Here's the big one: the life changer:

you know what else I swore I’d never do? Move home. Guess what I’m going to do in a couple weeks. This is huge for me. I was just reading an e-mail I sent my pastor in April, and I realized that I've know this day was coming all along. God has placed home and the people there on my heart. And while there is so much of me that wants what I want (Eau Claire, Minneapolis, Atlanta...anywhere but Kenosha) I know that this is one of the most obedient/mature thing I've ever done.
Look at the Bible: nobody gets their desired outcome. Daniel. Peter. Paul. Shadrak, Meshach, Abednego. Nobody’s lives turned out the way they thought they would. But when they lost their dream (their desired outcomes) they were invited, through their relationship with The Creator, to inherit more and better life than they'd ever dreamed. I want that. I want more and better life.

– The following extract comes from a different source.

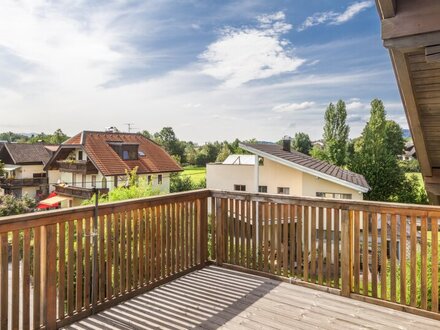Großzügige 6 Zi-Dachterrassenwohnung mit Einliegerbereich - ideal für Arbeit und Wohnen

Paul stopped in Ephesus (Acts 18) and the people there begged for him to stay and teach and live with them. They loved him and he loved them. But Paul knew that he had to leave (check out my first blog…yeah) He knew that if God willed it, he’d come back to those people one day. That’s exactly how I feel about my Valleybrook family here in Eau Claire. I feel their love for me (like I’ve never known love before) and I love them from a deep place inside me. But this isn’t the time for me to stay. God has called me to Kenosha. And if I don’t go, people there will miss out on signs and wonders. He’s calling me for a reason. I don’t know what my job title will be, or how long I’ll have to live with my parents, but I know that when the Holy Spirit speaks into your heart and you obey, God will provide in abundance.

I know that I want what God wants. I know that He is who He says He is, and He’ll do what He said He’ll do. I live in this truth. I’d like to say that I’m terrified for the weeks to come. But I’m not. I’m sad, and I have to grieve what will be lost. But I rejoice knowing that God has something more and better for me than I can even begin to dream up. And so - I must leave.